1. Pay particular attention to row 5, where the `date` is `2018-01-03` and `origin` is `2018-01-01`. This row illustrates how AMLPF's defition of `Lag1` handles multi-step forecasts: 
  * A naive application of the lag operation would suggest that the value of `sales_lag1` for that row should be value of `sales` from `2018-01-02` - this is, after all, the value from one day prior to the date being forecasted.
  * The above naive interpretation would make us use `NaN` value instead of `1`, because on `2018-01-01` value of sales on `2018-01-02` is not yet known.
  * Instead, we fall back to our definition: _the value of `lag1` is the most recent value that is known to us at the time of constructing the forecast_. The most recent value of `sales` known on `2018-01-01` is `1`, which is what we use.

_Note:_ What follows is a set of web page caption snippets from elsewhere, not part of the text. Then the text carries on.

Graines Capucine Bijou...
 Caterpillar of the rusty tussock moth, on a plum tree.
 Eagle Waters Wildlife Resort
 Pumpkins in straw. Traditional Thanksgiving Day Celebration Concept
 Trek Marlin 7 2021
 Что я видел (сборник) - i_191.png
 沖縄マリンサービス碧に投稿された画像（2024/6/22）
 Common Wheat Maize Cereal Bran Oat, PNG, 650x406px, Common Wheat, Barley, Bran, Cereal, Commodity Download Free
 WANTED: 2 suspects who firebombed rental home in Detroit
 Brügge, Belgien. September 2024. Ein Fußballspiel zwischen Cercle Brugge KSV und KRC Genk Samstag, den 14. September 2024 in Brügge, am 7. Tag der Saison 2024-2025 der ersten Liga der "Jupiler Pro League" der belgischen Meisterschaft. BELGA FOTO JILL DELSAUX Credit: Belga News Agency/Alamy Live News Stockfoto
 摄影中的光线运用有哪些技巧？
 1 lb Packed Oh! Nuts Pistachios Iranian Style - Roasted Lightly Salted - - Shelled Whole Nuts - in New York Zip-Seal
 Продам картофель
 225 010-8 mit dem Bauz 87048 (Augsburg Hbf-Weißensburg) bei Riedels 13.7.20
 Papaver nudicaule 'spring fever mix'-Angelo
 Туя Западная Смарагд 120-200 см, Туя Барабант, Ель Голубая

## Caching example with train/test split
In a typical data science scenario, the training-testing data split happens randomly, because all records are interchangeable. In time series, this is a recipe for overfitting, and splits have to be done by time, with older data being in the training set, and newer data in the test set.
This creates a subtle issue with featurizers such as lags: you need to use some values from the training data to "patch the holes" in the testing data. AMLPF handles this automatically for you.
The following example illustrates the problem:


In [5]:
train_tsdf = tsdf.iloc[0:2, :]
train_tsdf

Unnamed: 0_level_0,Unnamed: 1_level_0,sales
date,brand,Unnamed: 2_level_1
2018-01-01,A,1.0
2018-01-02,A,2.0


In [6]:
test_tsdf  = tsdf.iloc[2:3, :]
test_tsdf

Unnamed: 0_level_0,Unnamed: 1_level_0,sales
date,brand,Unnamed: 2_level_1
2018-01-03,A,3.0


We will compute `sales_lag1` via built-in `pandas` method `shift()` first:

In [7]:
naive_lag_train = train_tsdf.shift(1)
naive_lag_train.columns = ['sales_lag1']
naive_lag_train

Unnamed: 0_level_0,Unnamed: 1_level_0,sales_lag1
date,brand,Unnamed: 2_level_1
2018-01-01,A,
2018-01-02,A,1.0


In [8]:
naive_lag_test = test_tsdf.shift(1)
naive_lag_test.columns = ['sales_lag1']
naive_lag_test

Unnamed: 0_level_0,Unnamed: 1_level_0,sales_lag1
date,brand,Unnamed: 2_level_1
2018-01-03,A,


This is not what we wanted, but `pandas` did exactly what we asked it to do. Operations on the test data frame have no knowledge of the training data and the holes cannot be "patched". 
Now let us do the same thing with `LagLeadOperator()`.

In [9]:
lag_with_split = LagLeadOperator(lags_to_construct={'sales': 1})
lag_with_split.fit(train_tsdf)
lag_with_split.transform(train_tsdf)

Unnamed: 0_level_0,Unnamed: 1_level_0,Unnamed: 2_level_0,sales,sales_lag1
date,brand,origin,Unnamed: 3_level_1,Unnamed: 4_level_1
2018-01-01,A,2017-12-31,1.0,
2018-01-02,A,2018-01-01,2.0,1.0


In [10]:
lag_with_split.transform(test_tsdf)

Unnamed: 0_level_0,Unnamed: 1_level_0,Unnamed: 2_level_0,sales,sales_lag1
date,brand,origin,Unnamed: 3_level_1,Unnamed: 4_level_1
2018-01-03,A,2018-01-02,3.0,2.0


Now this is the result we wanted! And the training data frame was also handled correctly!